Extracted records below:

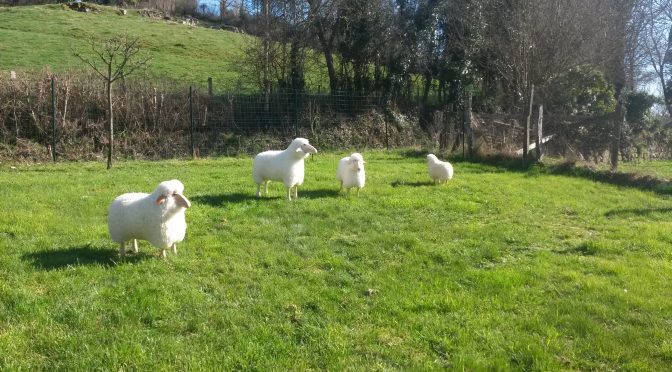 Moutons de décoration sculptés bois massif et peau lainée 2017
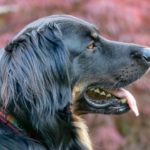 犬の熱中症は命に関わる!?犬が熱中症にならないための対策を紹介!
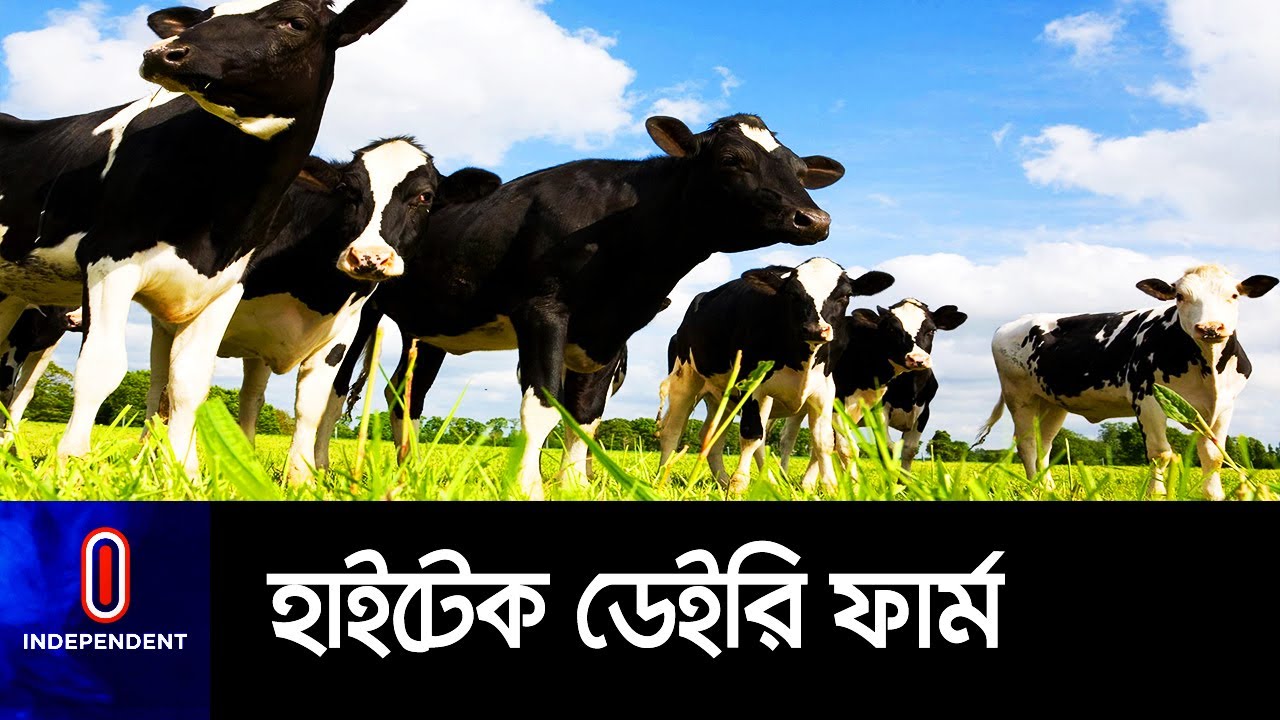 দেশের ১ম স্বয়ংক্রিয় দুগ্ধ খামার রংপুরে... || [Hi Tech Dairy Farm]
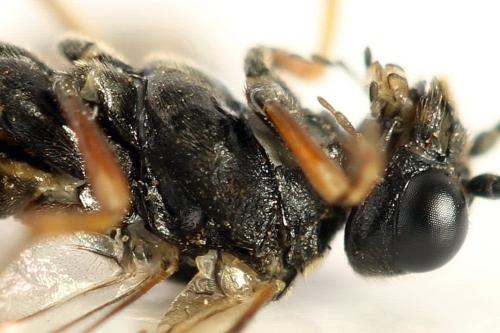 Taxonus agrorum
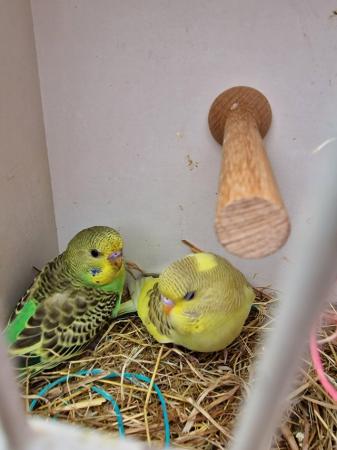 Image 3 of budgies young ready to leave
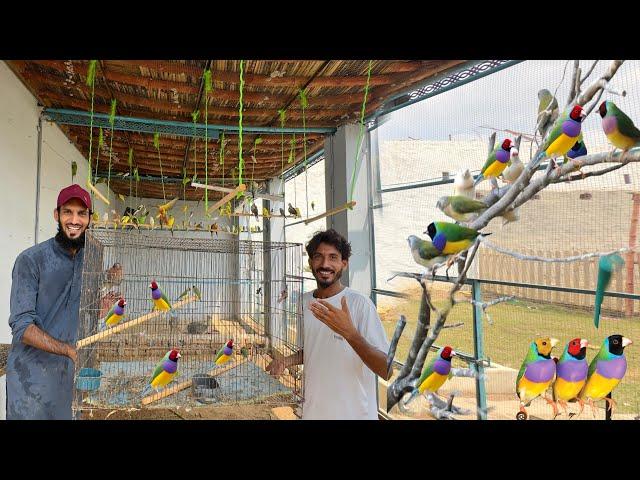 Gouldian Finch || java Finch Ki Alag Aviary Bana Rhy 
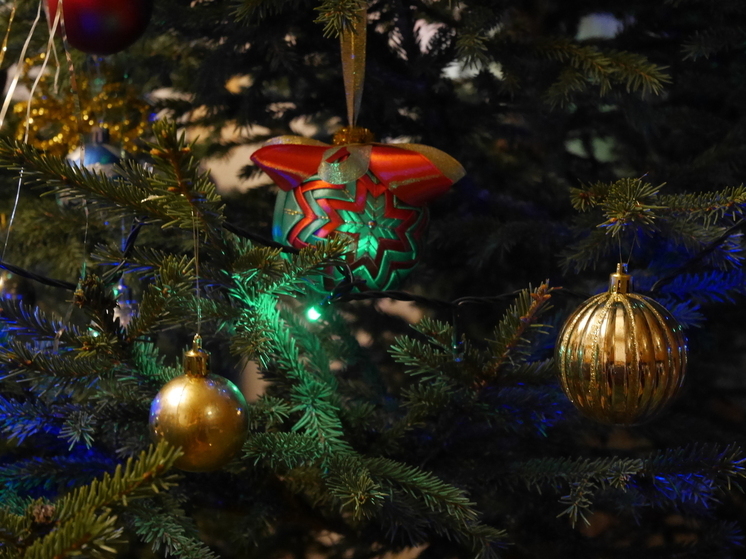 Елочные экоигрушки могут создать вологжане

End of Extracted records.

### Task details
Where the line containing "দেশের ১ম স্বয়ংক্রিয়" appears in the data above, begin there and output every line through the last, exactly and without pictures.

### Answer to this exercise
 দেশের ১ম স্বয়ংক্রিয় দুগ্ধ খামার রংপুরে... || [Hi Tech Dairy Farm]
 Taxonus agrorum
 Image 3 of budgies young ready to leave
 Gouldian Finch || java Finch Ki Alag Aviary Bana Rhy 
 Елочные экоигрушки могут создать вологжане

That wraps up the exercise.